When the glory of God was about to pass, Moses needed protection. Targum Pseudo-Jonathan, the Aramaic paraphrase of the Torah, describes the shielding with mystical precision.
"It shall be that when the glory of My Shekhinah passes before you, I will put you in a mearat tinra, a cavern of the rock, and will overshadow you with My Memra, My Word, until the time that I have passed by" (Exodus 33:22).
The cave is not a hiding place. It is a shelter of stone inside which the prophet becomes eligible to survive what would otherwise consume him. And the roof of that shelter is not ordinary rock. It is the Memra, the Word of the Lord, interposed between Moses and the passing glory.
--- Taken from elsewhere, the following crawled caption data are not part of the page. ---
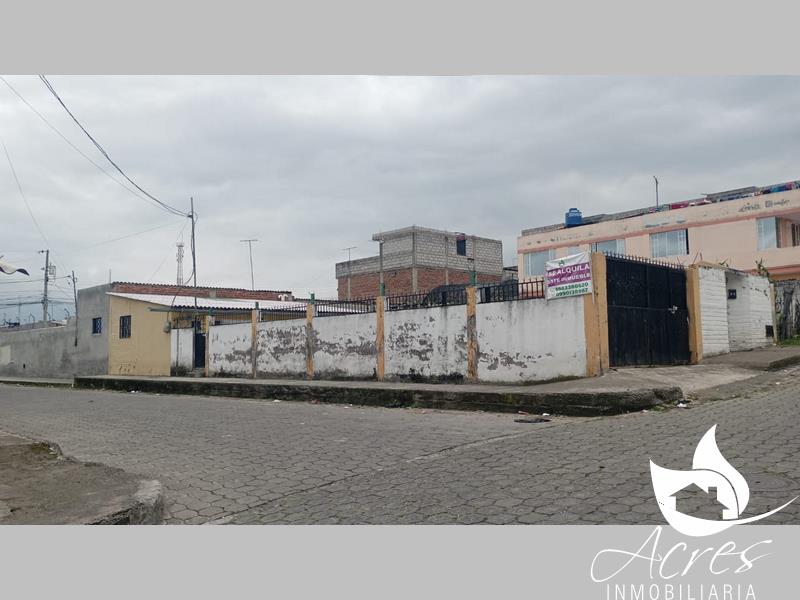Terreno Esquinero Con Vivienda en Cayambe-La Florida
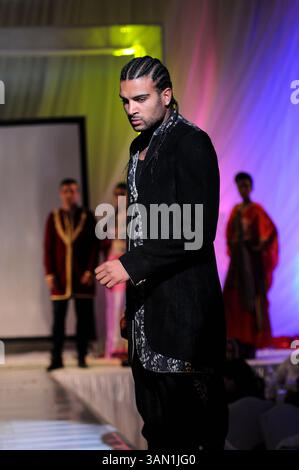 17 mai 2014 - Tunis, Tunis, Tunisie - le styliste marocain de défilé Issam Balalioui à la 6 ème édition de la nuit de la mode arabe 2014 au Grand Hôtel dans le quartier résidentiel Menzah 7 au nord de Tunis. (Crédit image : © Chokri Mahjoub/ZUMAPRESS.com) Banque D'Images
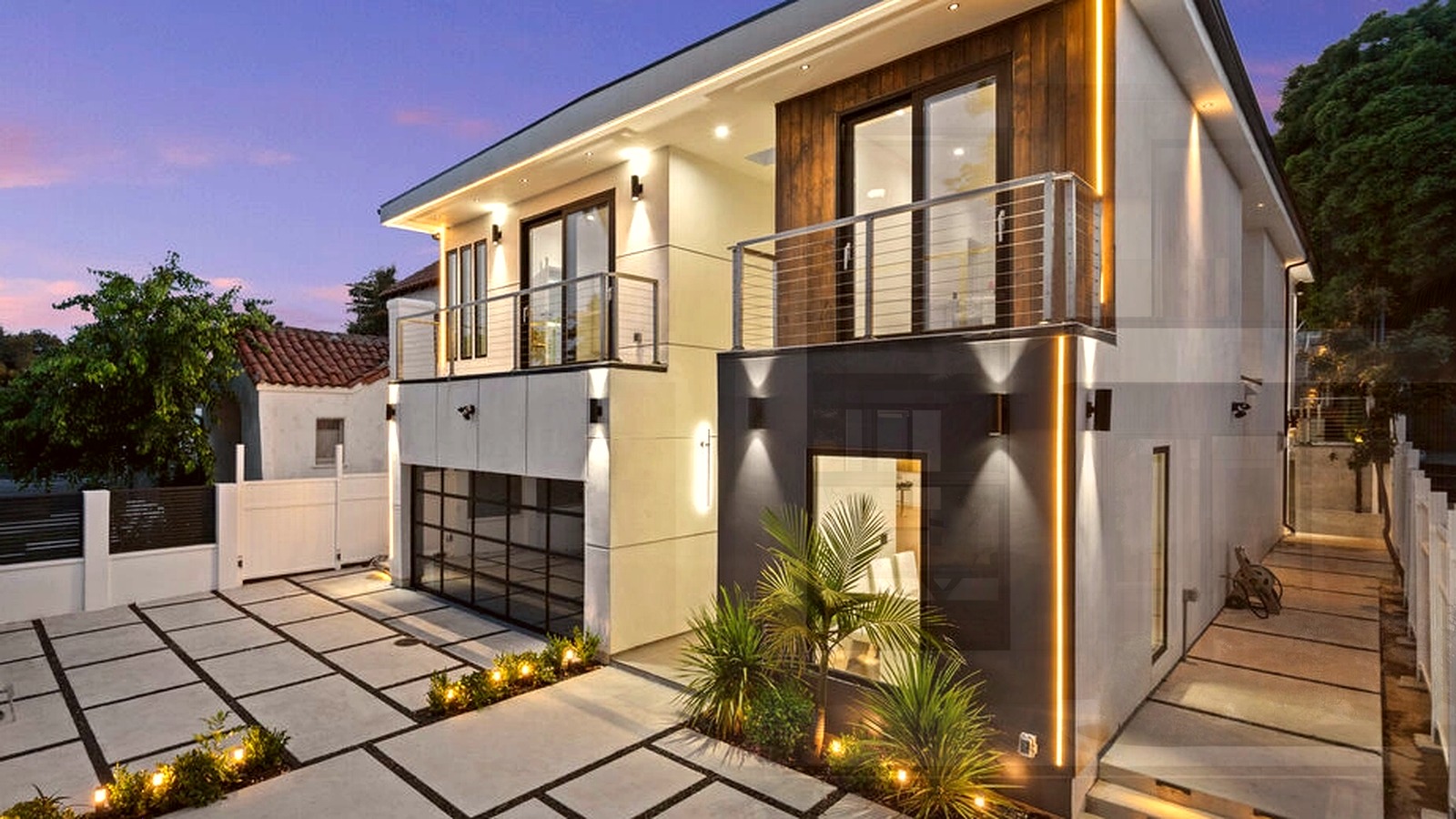 Editorial diagram of one Encino house with a single design-build team versus a split architect and contractor handoff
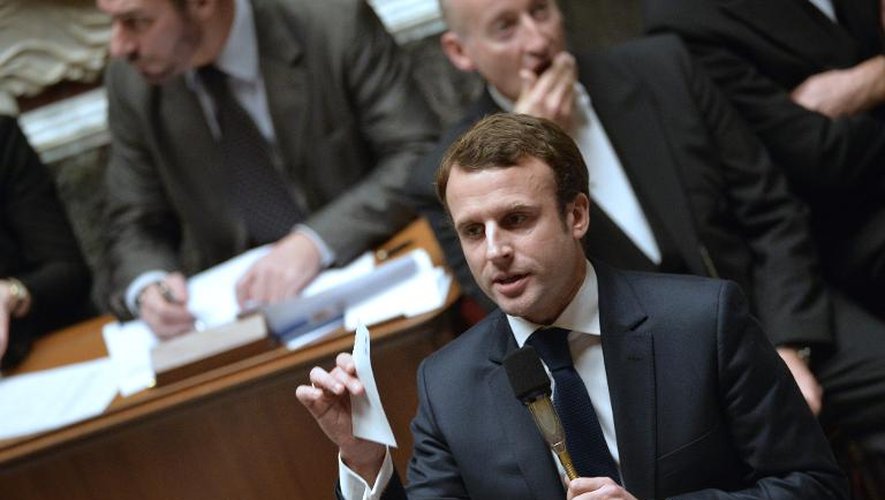 Le ministre de l'Economie, Emmanuel Macron, à l'Assemblée nationale, le 9 décembre 2014 à Paris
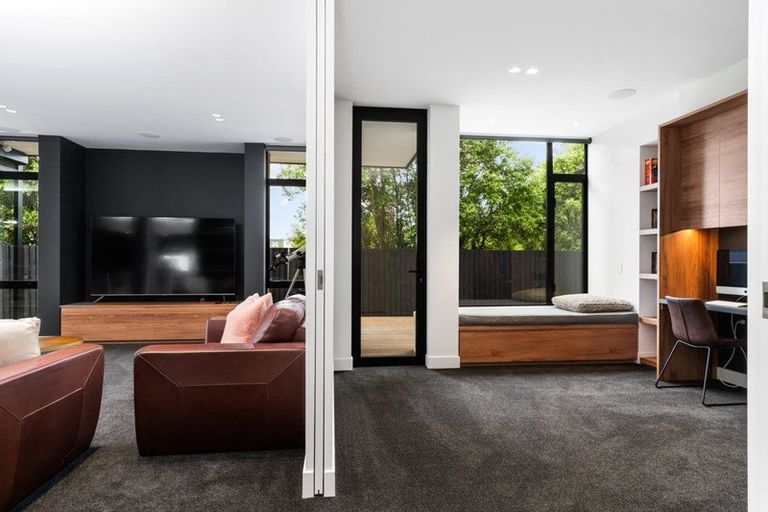 Photo of property in 49 Saint Andrews Square, Strowan, Christchurch, 8052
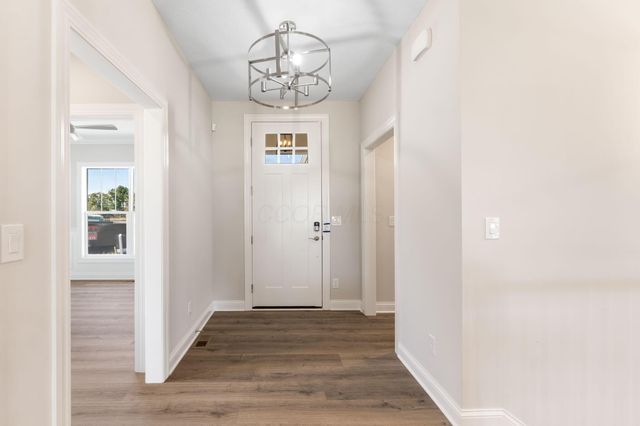 4275 Flamingo Drive, Lewis Center, OH 43035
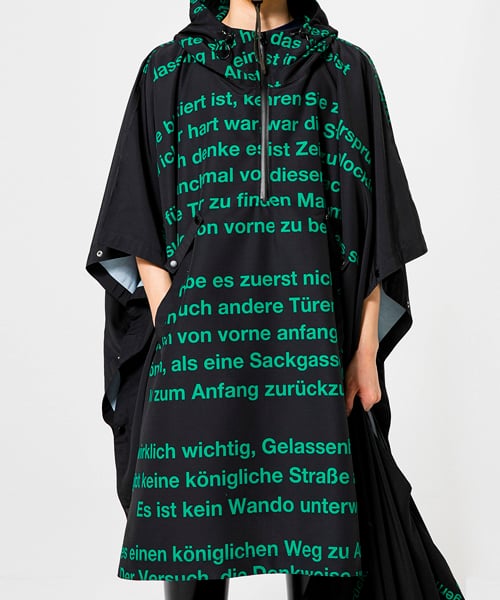 이에스씨 스튜디오(ESC STUDIO) Lettering poncho (black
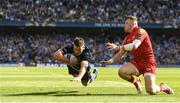 21 April 2018; Fergus McFadden of Leinster scores his side's third try despite the tackle of Steff Evans of Scarlets during the European Rugby Champions Cup Semi-Final match between Leinster Rugby and Scarlets at the Aviva Stadium in Dublin. Photo by Ramsey Cardy/Sportsfile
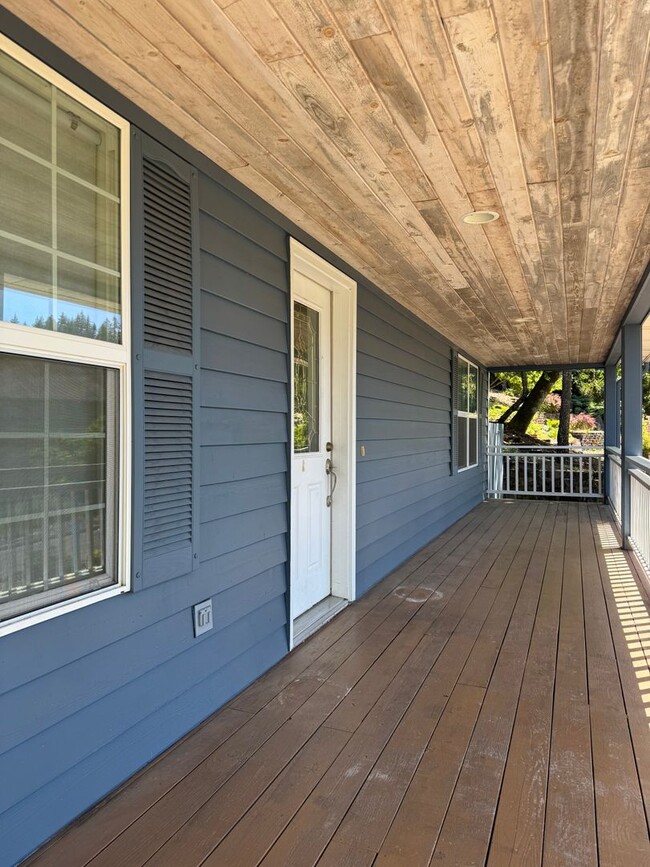 Building Photo - Beautiful large house in the South Hills!  $1,000 OFF YOUR FIRST MONTH'S RENT!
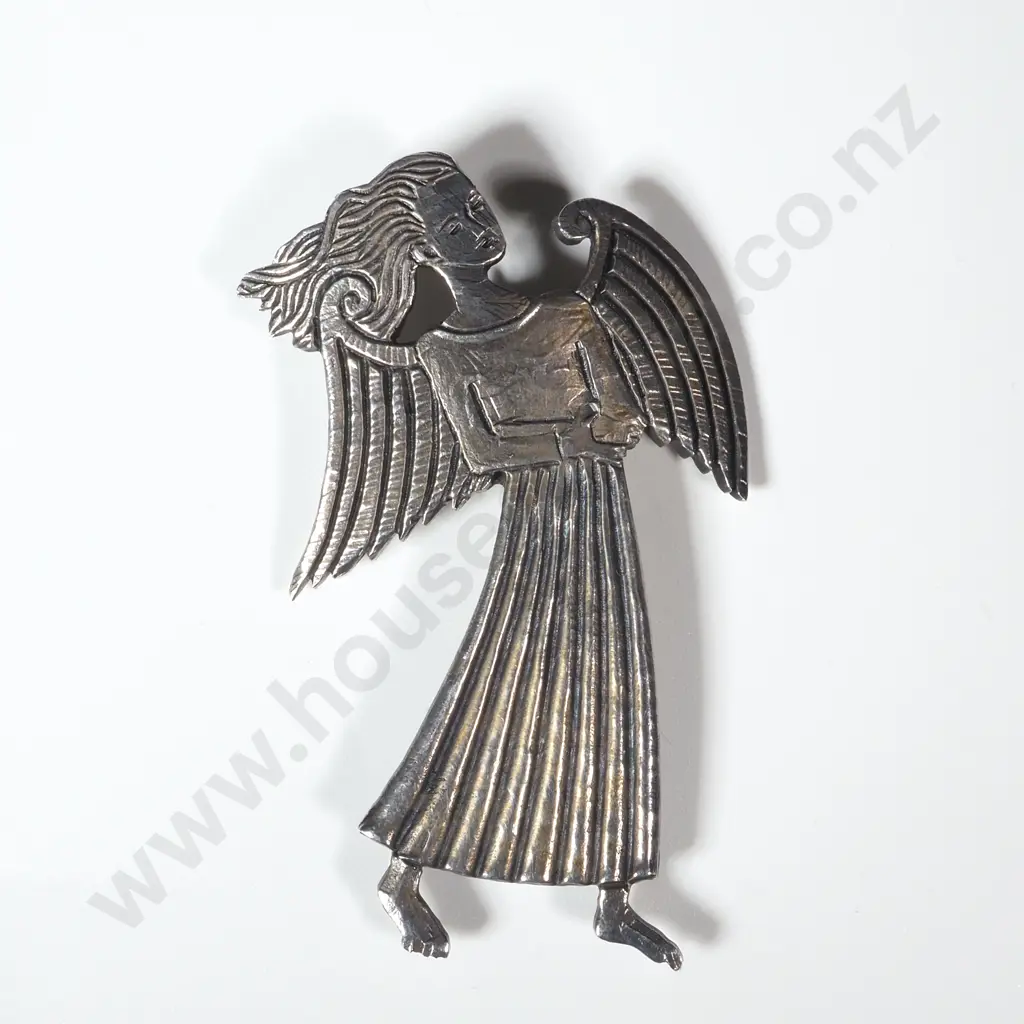 Sterling Silver Angel Brooch. Image 1++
This is the Targum at its mystical height. God shields Moses from God. The Memra, that strange Aramaic concept of the divine Word acting as God's own agency in the world, becomes here a buffer. Moses is in the rock. The Word is over the rock. The glory flows past the Word.
The sages understood this as the moment Moses received the deepest Torah of all - the knowledge of divine mercy that would be chanted forever after in the Thirteen Attributes. You cannot learn that Torah from outside. You have to be inside the rock, covered by the Word, while glory passes.
Takeaway: The deepest glimpses of God come to those who are willing to be hidden by God first. The rock is not the cost of the vision. The rock is how the vision is given.